Her eyes grew wide. After all, she knew one of them. But . . . "Oh. Yes, I suppose that makes sense."
"No, Mr. Hamilton, not like that. Didn't you learn anything when you were among the heathen in the Philippines? You must remember to sit without pointing the soles of your feet at anyone more important than a servant."
Wearily, Hamilton stood in front of the large tray of kibsa, a rice- and, in this case, lamb-based dish, and sat again, this time tucking his legs under him in such a way—and a damned uncomfortable way it was, too—without pointing the soles of his feet anywhere but behind him.
"Much better. We'll practice that more later but for now let's try the kibsa while it's still hot."

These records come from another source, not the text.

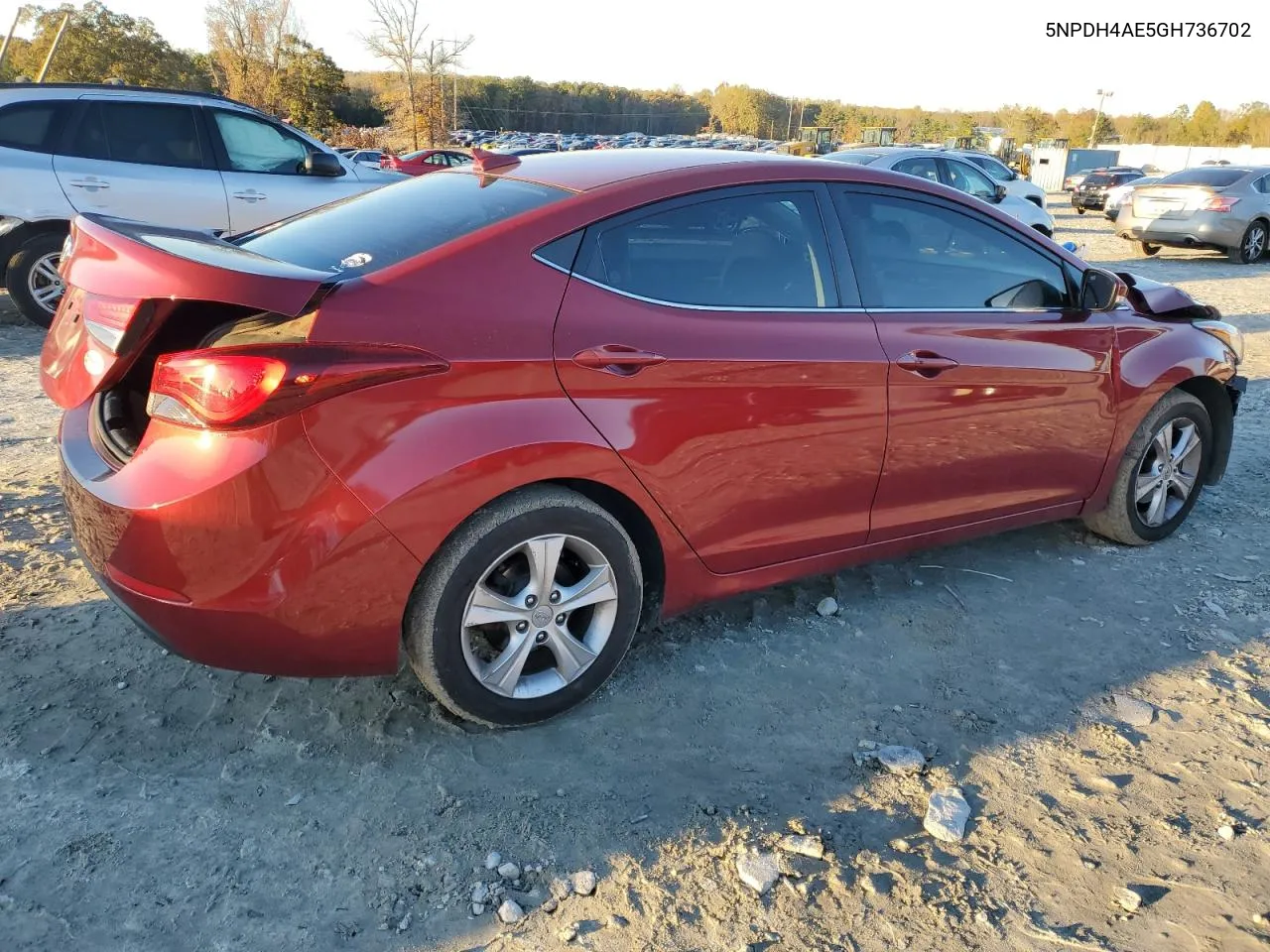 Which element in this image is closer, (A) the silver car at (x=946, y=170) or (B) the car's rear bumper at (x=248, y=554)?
(B) the car's rear bumper at (x=248, y=554)

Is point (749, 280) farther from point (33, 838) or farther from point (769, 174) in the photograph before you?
point (33, 838)

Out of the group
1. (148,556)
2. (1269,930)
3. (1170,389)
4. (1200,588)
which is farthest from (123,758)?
(1170,389)

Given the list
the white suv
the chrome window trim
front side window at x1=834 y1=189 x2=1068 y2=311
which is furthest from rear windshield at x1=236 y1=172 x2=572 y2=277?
the white suv

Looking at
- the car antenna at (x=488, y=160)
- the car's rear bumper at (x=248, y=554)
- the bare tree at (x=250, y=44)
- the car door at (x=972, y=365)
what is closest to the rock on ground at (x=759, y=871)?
the car's rear bumper at (x=248, y=554)

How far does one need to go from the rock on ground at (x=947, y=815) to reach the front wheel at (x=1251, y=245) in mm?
16025

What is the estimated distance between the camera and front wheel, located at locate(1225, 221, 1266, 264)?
1516 centimetres

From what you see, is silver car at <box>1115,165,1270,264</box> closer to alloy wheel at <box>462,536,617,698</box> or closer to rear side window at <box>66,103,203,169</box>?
rear side window at <box>66,103,203,169</box>

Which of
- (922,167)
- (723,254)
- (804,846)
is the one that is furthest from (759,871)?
(922,167)

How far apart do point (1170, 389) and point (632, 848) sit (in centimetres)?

The instructor reached out one hand, saying, "There are a number of ways to do this, all more or less correct. We'll begin with the classic method, the one that prevails over most of the Arabian Peninsula." Palm down, using his right hand, the instructor bent his fingers and dug them into the mass of steaming rice. He then closed his fist, causing a wash of gooey, yogurt-based sauce to run through his fingers and out each side of the cup of his hand. He continued to press until the mass of rice and lamb was compressed into a small ball about and inch and a quarter in diameter. This he then popped into his mouth.
"Your turn," he said to Hamilton, once he'd swallowed the ball.
The instructor saw Hamilton reaching out with his left hand and, quick as a snake, grabbed a long pointer and used it to rap Hamilton's knuckles. "Never," he said, "never, reach for or take anything with your left hand."